パイオニアトーク Vol.2

女性の理系進学、最近の状況について

理系の世界では女子は希少な個体です。それは楽しいことです。

玉城 絵美さん

荒木: 女性の理系進学についておうかがいします。先生は心理学や神経学とかいろいろな分野をまたがって広く研究していらっしゃいますが、女性がそういう分野に関わることの楽しさとはどんなことでしょうか?あるいは男性とは違う点は何かありますか?

玉城: 何でもそうだと思いますが、新しい領域で希少な個体になるということはすごく楽しいことで、今理系の、特に工学系の領域では女性は珍しい個体なのです。珍しい個体だと何が楽しいかというと、多様性のひとつになれるというところです。多様性のひとつになると、話す人皆が自分と全く違う価値観を持っている人になります。そうした自分と異なる価値観に触れることで自分の知見も増えますし、逆に相手の知見も増えます。全然違う価値観を持っている人と話をすると、そんな感じで新しい知見がどんどん増えて、レベルも高まっていきます。そうすると自分も活躍できるし、相手も活躍できるようになる。そういうことが、すごく楽しくて良い点ですね。この点は、「タカ‐ハトゲーム」というゲーム理論が分かりやすいと思います。ハトがいっぱいいる中でタカが来ると繁殖して一旦タカが増えるのですが、タカがたくさんになるとハトがいないからどんどん減少していく。今、もしかしたら女性にとって工学分野は特に大学院に進んでいく中では慣れないかもしれませんが、そこで自分しか持ってない価値観、自分が何かしら強みになれる価値観をもてる可能性が高いですね。誰もまだ入っていないときに入るのはすごく価値のあることです。研究用語では「タカが入って来た」、マーケティング用語では「ブルーオーシャン」というふうに言いますね。

荒木: 女性にとってはとても励まされるメッセージです。もうひとつ、先生はディズニー研究所にインターシップで行かれていたとお聞きしているのですが、そちらでは女性の研究者はどういう感じでしたか。やはりアメリカでも日本と似たようなところがあるのか、あるいは男女差はあまりなく皆活き活きとしている感じでしょうか。

玉城: そうですね。比率としては日本と同じで女性の方が少なかったですけれども、マネージャーの比率は男女で同じでしたね。日本と大きく違っていたのは、マネージャーに多様性があることです。そうするとチーム全体で色々な見方ができるようになります。男性のマネージャー、女性のマネージャー、若いマネージャー、年を取ったマネージャー、そのようにマネージャーに多様性があったので、いろいろな視点から働く人を見てくれました。そうするとチームワークがとても良くなるのです。その経験から、私の会社でも、同じ年代、同じ性別、同じ価値観の人だけではなくて、いろいろな考えを持った人やマネージャーを入れたいと思います。

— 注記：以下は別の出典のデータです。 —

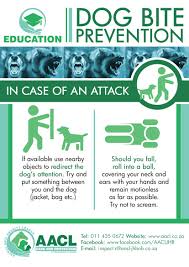 Recommended rabies vaccine schedule for your dog. Rabies And Dog Bite Prevention Aacl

荒木: 多様性がチームワークを良くするし、新しい考え方もいろいろ生まれる。それはどこの組織でも同じかもしれませんね。

玉城: おそらくそうでしょうね。いろいろなマネージャーから仕事の面だけでなく、生活面までさまざまな話をしてもらいました。仕事で煮詰まっていた時は、「今のあなたはジムに行った方がいいんじゃないか」というアドバイスももらいました。そのマネージャーはトレーニングが好きなマネージャーで、気晴らしになるからジムに行ってきてくれと。

荒木: 面白いですね。

玉城: マネージャーによっては遊びに行った方が良いかもしれないとか、ボーリングに行った方がとかアドバイスくれる方もいました。

荒木: なるほど。日本の大学はどうでしょうか。

玉城: 日本の大学も多少ですが女性教員が増えてきています。外部から大学の教授だけではなくて社会経験がある人も入れるようになりました。違う分野の人を入れることで多様性も少しは出てきており、そういう学部や学科は勢いがありますね。

荒木: 日本でもまだまだこれから頑張れるという感じですね。

玉城: 頑張れると思います。女性による多様性だったり、年代による多様性だったり。

荒木: バックグランドの違いとか。

玉城: そうですね。どんどん受け入れてほしいですね。